Re: Re: reordering and destruction of irish cathedrals – St Colmans Cathedral, Cobh
Home › Forums › Ireland › reorganisation and destruction of irish catholic churches › Re: Re: reordering and destruction of irish cathedrals – St Colmans Cathedral, Cobh
Re. post 109
The spacial outlay of an early Christian Basilica… a Solea extending one third of its length and marked off by barriers]Ciborium[/I] or Baldachino over an altar on a raised dais. [See attachment 1 and 2]
In this system, the nave is reserved for the entry and exit of the Roman Pontiff and his attendants at least since the year 314when he was invested with the Praetorian dignity. When he arrived at the main door, his military or civil escort was shed; he processed through the nave with clergy any other administrative attendants until he reached the gate of the Solea at which point all lay attendants were shed; the lower clergy lined up in the Solea and remained there while the Pontiff, accompanied by the Proto Deacon of the Holy Roman Church and the Deacon of the Basilica accompanied him through the gate of the Sanctuary as far as the Altar where other priests or Bishops awaited him.
The laity were confined to the side isles; the matroneum (or womens’ side); and the senatorium (men’s side).

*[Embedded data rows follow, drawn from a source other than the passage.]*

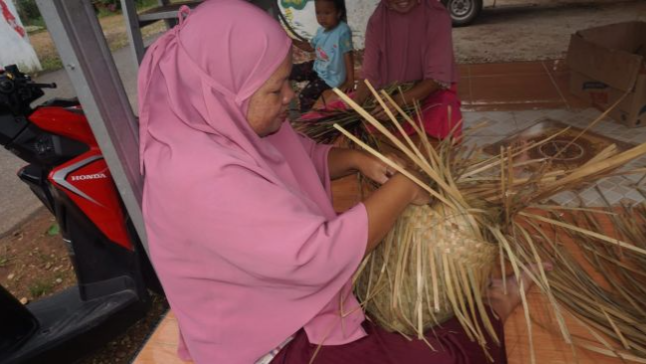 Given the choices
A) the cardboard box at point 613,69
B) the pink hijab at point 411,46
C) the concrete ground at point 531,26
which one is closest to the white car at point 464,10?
the concrete ground at point 531,26

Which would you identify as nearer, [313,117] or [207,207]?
[207,207]

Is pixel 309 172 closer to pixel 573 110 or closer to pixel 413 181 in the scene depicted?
pixel 413 181

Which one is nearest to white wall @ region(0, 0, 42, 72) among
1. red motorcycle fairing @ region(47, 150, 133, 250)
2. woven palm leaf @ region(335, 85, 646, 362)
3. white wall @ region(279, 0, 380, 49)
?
white wall @ region(279, 0, 380, 49)

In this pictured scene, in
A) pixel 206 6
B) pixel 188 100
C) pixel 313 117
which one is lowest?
pixel 313 117

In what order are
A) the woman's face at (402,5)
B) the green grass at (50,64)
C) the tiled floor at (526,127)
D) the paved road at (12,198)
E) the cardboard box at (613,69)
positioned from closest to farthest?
the tiled floor at (526,127), the woman's face at (402,5), the cardboard box at (613,69), the paved road at (12,198), the green grass at (50,64)

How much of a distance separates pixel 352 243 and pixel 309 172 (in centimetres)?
39

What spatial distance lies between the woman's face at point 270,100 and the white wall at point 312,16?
4.52 m

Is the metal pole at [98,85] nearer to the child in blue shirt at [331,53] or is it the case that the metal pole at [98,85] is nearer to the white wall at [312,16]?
the child in blue shirt at [331,53]

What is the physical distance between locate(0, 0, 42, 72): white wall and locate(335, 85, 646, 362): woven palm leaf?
705 centimetres

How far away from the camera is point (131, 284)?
74.7 inches

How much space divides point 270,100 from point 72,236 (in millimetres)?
1326

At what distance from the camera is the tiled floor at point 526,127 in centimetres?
125

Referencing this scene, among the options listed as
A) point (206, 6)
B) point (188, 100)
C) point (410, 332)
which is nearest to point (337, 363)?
point (410, 332)

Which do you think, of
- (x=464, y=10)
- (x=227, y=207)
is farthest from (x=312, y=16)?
(x=227, y=207)
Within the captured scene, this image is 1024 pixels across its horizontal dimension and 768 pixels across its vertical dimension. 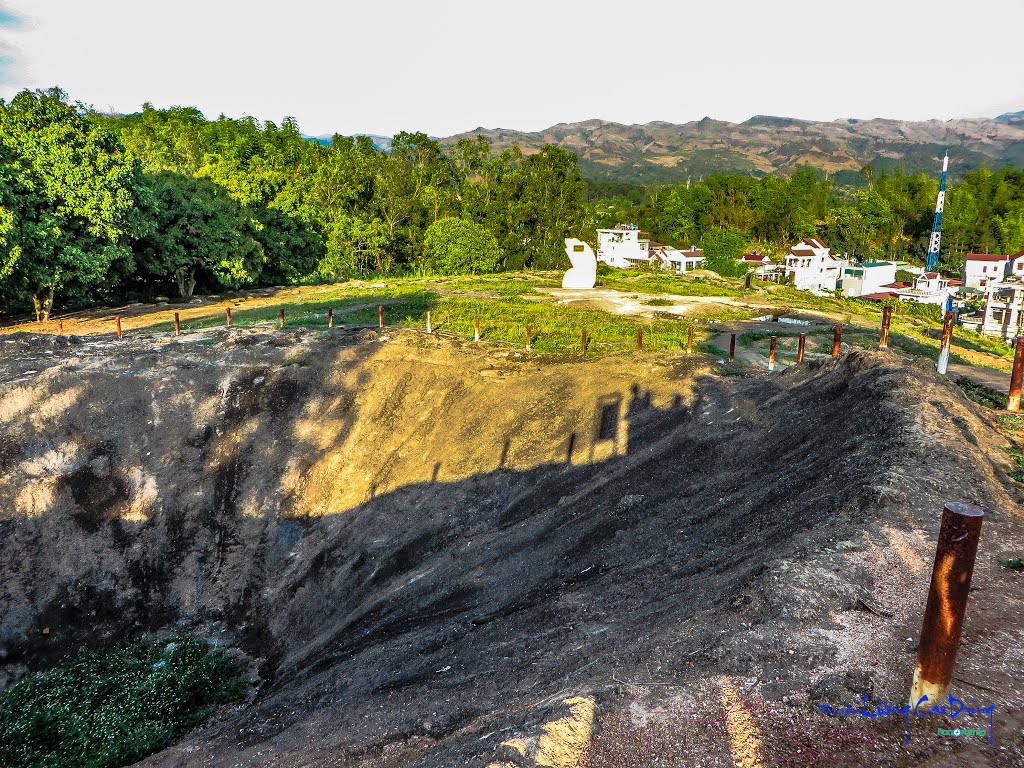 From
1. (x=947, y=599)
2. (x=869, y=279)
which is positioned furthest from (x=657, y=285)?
(x=947, y=599)

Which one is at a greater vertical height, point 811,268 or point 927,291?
point 811,268

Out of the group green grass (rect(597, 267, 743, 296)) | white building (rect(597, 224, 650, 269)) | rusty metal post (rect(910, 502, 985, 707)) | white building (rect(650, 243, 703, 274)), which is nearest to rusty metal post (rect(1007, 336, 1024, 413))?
rusty metal post (rect(910, 502, 985, 707))

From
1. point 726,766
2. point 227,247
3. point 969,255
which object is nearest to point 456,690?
point 726,766

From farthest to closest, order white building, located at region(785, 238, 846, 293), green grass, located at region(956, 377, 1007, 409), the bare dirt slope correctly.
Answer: white building, located at region(785, 238, 846, 293), green grass, located at region(956, 377, 1007, 409), the bare dirt slope

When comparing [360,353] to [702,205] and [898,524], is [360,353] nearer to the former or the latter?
[898,524]

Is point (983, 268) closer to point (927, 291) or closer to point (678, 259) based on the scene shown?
point (927, 291)

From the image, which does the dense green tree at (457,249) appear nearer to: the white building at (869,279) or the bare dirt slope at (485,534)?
the bare dirt slope at (485,534)

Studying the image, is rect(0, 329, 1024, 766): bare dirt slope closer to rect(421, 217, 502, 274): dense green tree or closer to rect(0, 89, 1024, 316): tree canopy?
rect(0, 89, 1024, 316): tree canopy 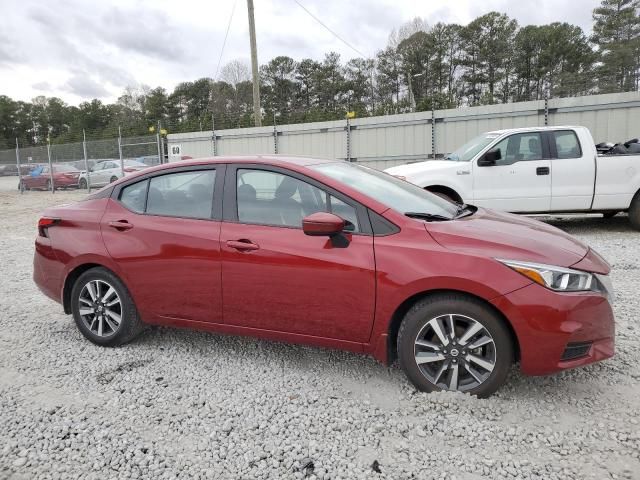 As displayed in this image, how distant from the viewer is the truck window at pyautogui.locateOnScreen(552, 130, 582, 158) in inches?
323

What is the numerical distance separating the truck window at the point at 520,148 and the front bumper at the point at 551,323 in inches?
231

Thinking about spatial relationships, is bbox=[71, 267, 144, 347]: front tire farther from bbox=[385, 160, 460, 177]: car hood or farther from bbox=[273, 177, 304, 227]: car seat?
bbox=[385, 160, 460, 177]: car hood

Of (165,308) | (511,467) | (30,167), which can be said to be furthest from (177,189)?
(30,167)

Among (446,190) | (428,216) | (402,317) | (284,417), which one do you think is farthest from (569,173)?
(284,417)

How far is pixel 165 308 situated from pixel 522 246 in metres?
2.50

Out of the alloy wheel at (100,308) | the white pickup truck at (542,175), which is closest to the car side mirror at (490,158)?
the white pickup truck at (542,175)

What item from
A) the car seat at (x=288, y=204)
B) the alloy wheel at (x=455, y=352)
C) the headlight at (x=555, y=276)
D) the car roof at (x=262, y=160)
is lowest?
the alloy wheel at (x=455, y=352)

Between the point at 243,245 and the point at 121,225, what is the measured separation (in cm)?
114

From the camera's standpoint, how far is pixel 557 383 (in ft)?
10.7

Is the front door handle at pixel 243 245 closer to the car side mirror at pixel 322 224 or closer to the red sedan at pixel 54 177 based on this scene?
the car side mirror at pixel 322 224

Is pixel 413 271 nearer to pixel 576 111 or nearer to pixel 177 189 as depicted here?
pixel 177 189

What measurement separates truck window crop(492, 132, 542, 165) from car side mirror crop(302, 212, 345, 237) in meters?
6.01

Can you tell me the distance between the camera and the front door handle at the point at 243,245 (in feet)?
11.2

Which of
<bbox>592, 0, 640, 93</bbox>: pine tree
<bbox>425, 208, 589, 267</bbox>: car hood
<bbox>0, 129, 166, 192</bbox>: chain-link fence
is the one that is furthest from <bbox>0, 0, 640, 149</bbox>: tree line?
<bbox>425, 208, 589, 267</bbox>: car hood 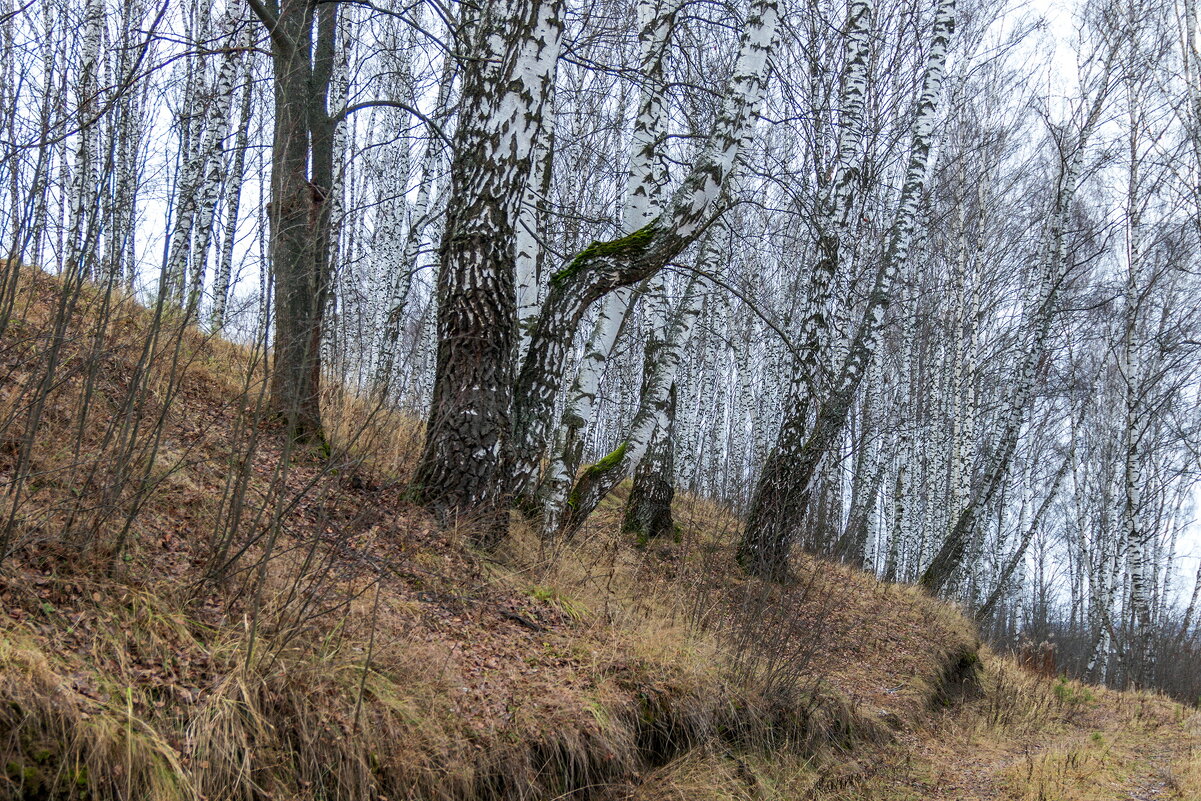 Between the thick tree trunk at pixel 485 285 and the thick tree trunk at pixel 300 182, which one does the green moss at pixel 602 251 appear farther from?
the thick tree trunk at pixel 300 182

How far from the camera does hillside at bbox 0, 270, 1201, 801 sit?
2.61 meters

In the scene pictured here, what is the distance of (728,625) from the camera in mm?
5680

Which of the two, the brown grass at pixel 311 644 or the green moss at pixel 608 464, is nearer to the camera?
the brown grass at pixel 311 644

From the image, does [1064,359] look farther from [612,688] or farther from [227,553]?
[227,553]

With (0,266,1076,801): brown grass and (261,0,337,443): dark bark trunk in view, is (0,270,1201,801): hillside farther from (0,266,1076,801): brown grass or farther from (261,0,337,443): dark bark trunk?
(261,0,337,443): dark bark trunk

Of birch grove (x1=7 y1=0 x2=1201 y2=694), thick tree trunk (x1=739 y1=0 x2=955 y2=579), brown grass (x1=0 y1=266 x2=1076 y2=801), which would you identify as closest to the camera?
brown grass (x1=0 y1=266 x2=1076 y2=801)

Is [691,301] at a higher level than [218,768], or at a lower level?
higher

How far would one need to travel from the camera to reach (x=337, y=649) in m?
3.16

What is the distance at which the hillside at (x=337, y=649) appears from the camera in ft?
8.57

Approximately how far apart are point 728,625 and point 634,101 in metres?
7.88

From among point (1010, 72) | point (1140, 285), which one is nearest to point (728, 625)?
point (1140, 285)

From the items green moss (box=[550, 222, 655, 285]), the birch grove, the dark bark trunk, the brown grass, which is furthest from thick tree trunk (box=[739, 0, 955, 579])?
the dark bark trunk

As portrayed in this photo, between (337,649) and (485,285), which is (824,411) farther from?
(337,649)

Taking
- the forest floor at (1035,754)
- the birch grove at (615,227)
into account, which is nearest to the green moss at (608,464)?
the birch grove at (615,227) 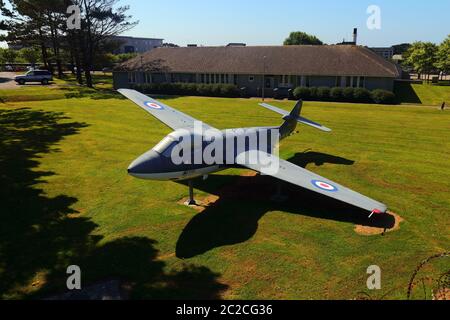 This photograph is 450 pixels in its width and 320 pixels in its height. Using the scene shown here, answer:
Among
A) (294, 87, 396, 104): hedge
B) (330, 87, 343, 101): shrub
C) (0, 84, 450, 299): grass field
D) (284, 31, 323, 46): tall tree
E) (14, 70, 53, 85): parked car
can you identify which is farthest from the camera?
(284, 31, 323, 46): tall tree

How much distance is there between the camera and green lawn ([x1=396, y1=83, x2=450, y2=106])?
47.3 m

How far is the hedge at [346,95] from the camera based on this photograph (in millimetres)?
45000

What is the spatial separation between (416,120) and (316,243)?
→ 27379mm

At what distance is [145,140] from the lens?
86.5 ft

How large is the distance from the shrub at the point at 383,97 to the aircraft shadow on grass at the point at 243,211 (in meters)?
32.8

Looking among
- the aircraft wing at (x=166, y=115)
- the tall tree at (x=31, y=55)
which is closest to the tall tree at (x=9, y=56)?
the tall tree at (x=31, y=55)

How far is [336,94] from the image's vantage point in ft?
155

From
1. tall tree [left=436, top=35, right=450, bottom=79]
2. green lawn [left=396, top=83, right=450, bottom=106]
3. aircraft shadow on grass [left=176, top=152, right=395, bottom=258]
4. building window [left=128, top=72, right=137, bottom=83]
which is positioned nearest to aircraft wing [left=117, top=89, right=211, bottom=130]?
aircraft shadow on grass [left=176, top=152, right=395, bottom=258]

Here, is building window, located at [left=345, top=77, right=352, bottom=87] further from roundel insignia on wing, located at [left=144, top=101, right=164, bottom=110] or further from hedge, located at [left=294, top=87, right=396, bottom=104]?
roundel insignia on wing, located at [left=144, top=101, right=164, bottom=110]

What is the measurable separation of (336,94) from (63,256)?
1686 inches

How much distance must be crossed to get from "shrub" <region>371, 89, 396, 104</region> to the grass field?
2034cm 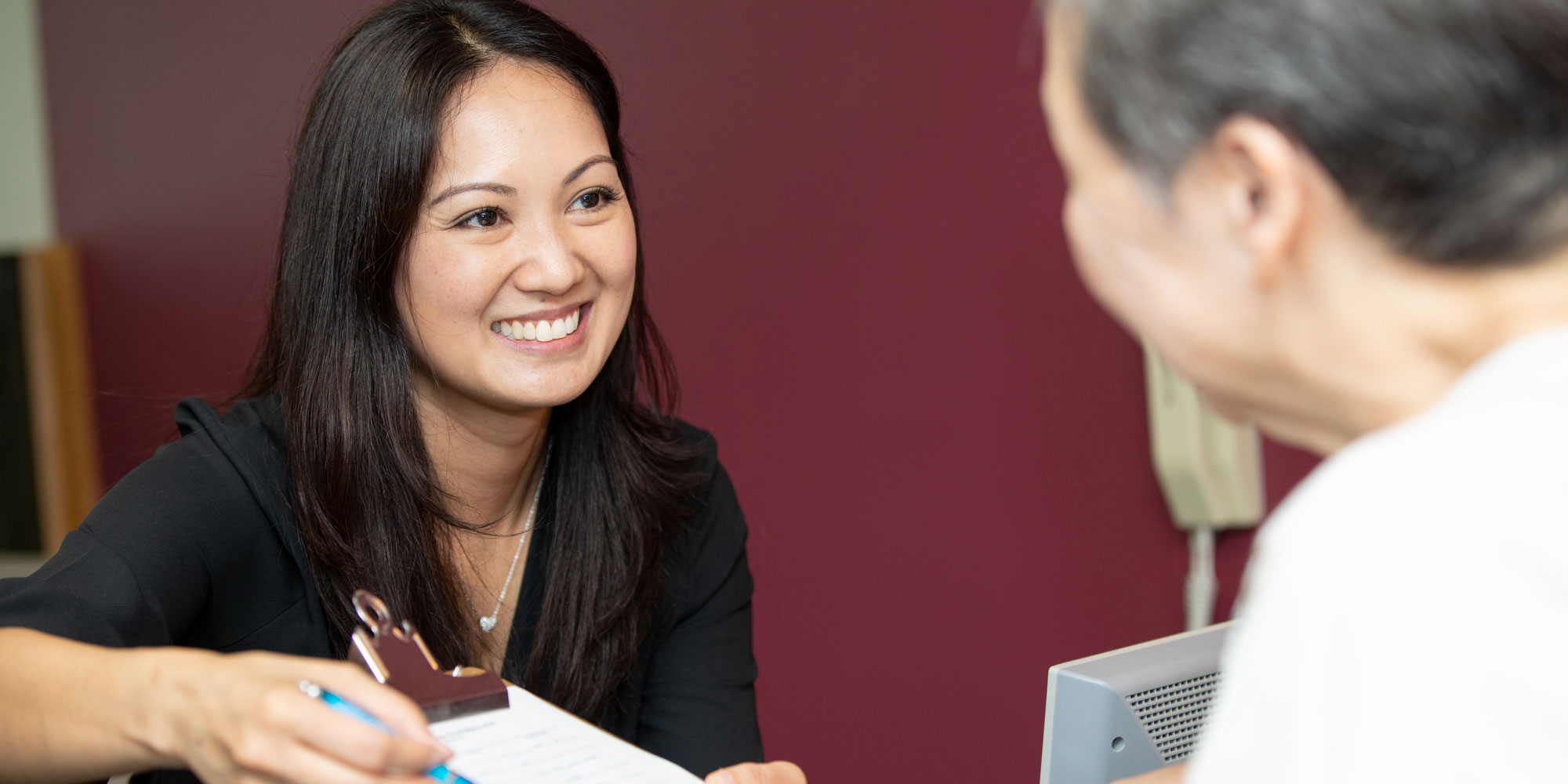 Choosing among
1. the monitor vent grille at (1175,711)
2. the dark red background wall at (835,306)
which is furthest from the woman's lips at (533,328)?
the monitor vent grille at (1175,711)

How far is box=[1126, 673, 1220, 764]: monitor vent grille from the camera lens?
0.87 m

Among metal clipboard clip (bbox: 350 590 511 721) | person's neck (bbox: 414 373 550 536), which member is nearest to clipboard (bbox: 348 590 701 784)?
metal clipboard clip (bbox: 350 590 511 721)

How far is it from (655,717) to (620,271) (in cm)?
53

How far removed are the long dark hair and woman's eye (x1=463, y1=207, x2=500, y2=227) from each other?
6 cm

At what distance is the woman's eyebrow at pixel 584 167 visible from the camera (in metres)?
1.30

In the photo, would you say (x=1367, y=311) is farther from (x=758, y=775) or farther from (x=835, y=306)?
(x=835, y=306)

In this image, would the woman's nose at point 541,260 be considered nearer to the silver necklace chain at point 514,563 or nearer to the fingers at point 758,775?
the silver necklace chain at point 514,563

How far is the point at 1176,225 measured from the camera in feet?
2.03

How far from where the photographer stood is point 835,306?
2129 millimetres

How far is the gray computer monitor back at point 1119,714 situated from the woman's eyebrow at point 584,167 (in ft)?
2.39

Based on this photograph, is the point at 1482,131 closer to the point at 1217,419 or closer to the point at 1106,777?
the point at 1106,777

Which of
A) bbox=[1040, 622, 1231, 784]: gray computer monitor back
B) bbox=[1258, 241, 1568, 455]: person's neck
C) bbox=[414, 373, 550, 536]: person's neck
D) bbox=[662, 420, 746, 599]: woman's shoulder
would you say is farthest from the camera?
bbox=[662, 420, 746, 599]: woman's shoulder

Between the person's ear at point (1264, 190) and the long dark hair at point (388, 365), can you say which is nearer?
the person's ear at point (1264, 190)

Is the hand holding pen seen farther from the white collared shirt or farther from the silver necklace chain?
the silver necklace chain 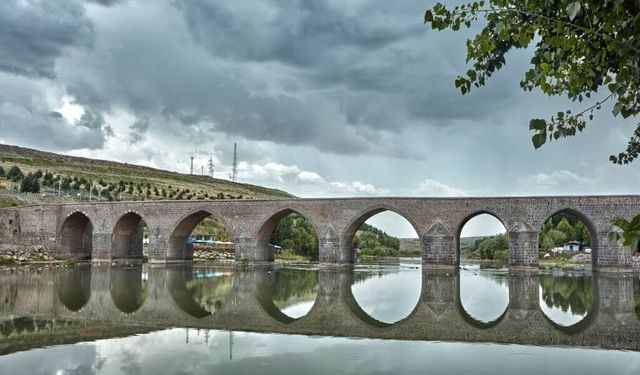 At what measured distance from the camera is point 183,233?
42.1 m

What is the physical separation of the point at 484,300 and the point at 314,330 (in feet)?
27.4

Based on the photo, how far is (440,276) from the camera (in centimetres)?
3089

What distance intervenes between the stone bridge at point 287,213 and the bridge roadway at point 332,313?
920cm

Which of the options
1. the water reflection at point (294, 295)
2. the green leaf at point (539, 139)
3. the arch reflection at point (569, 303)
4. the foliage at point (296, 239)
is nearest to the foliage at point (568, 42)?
the green leaf at point (539, 139)

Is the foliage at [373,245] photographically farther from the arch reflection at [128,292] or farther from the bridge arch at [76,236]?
the arch reflection at [128,292]

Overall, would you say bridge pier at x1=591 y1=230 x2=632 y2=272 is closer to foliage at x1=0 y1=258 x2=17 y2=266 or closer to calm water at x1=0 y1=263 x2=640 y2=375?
calm water at x1=0 y1=263 x2=640 y2=375

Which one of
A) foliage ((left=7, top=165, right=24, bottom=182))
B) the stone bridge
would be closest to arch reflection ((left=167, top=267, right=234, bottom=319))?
the stone bridge

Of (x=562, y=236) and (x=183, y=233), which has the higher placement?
(x=183, y=233)

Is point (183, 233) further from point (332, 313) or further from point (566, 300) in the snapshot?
point (566, 300)

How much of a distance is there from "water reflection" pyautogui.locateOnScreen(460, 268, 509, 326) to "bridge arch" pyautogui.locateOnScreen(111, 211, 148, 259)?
25613 millimetres

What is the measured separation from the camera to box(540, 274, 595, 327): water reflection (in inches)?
593

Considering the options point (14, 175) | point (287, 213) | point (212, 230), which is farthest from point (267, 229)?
point (14, 175)

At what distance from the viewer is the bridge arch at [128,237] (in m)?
42.0

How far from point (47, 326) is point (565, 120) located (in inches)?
480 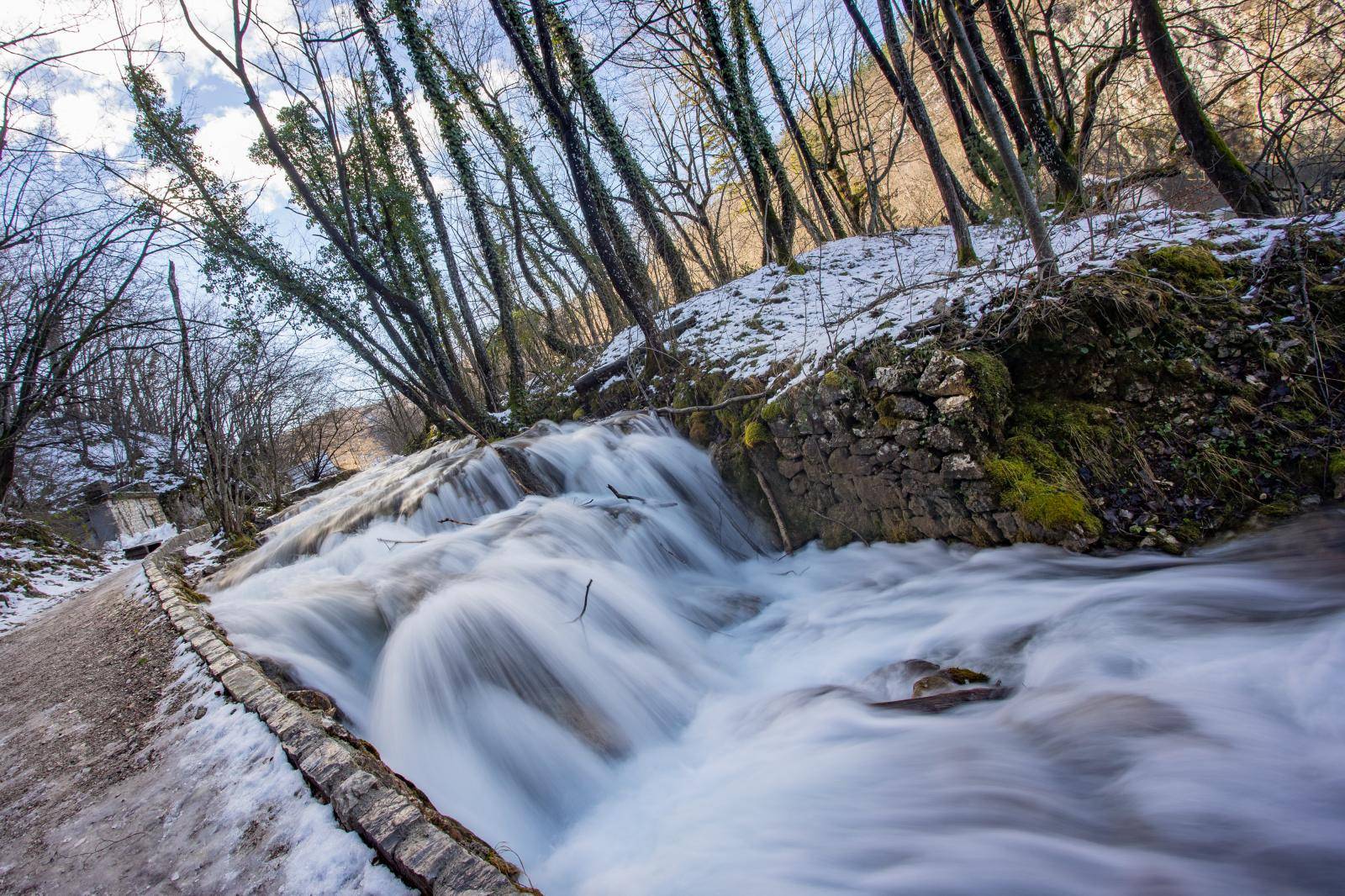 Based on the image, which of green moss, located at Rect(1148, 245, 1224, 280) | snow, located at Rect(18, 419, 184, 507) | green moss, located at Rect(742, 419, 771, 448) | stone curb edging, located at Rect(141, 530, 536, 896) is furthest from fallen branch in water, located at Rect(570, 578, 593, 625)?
snow, located at Rect(18, 419, 184, 507)

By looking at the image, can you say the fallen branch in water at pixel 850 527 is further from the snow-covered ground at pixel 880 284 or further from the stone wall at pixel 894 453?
the snow-covered ground at pixel 880 284

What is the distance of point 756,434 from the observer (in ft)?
19.8

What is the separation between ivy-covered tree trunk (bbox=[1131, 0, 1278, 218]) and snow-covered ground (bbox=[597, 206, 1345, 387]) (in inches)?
21.2

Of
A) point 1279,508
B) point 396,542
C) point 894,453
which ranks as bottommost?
point 1279,508

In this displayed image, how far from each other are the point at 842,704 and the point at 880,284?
624 cm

In Rome, two extant eamples of this spacial disposition illustrate the point: Santa Sabina which is partially intact [attachment 3]; but, more importantly, San Clemente which is well preserved [attachment 4].
Remarkably, the author who believes that the present interior lay out of Longford Cathedral somehow reflects that of an early Christian Basilica quite obviously has not read Richard Krautheimer’s Corpus Basilicarum Christianarum Romae and may not have been familiar with the same author’s Early Christian and Byzantine Architecture (Yale University Press). C. H. Kraeling’s The Christian Building (The Excavations at Dura Europos…Final Report, VIII, 2 (Yale University Press) and T. Matthew’s writings on the disposition of the chancel in early Christian Basilicas (Revista di Archeologia Cristiana, XXXVIII , pp. 73ff. would certainly dispel any notion of even a remote connection between the early Christian Basilica and the current pastiche in Longford Cathedral.
On the spatial disposition and the placing of the ambo of the early Christian basilica see the above.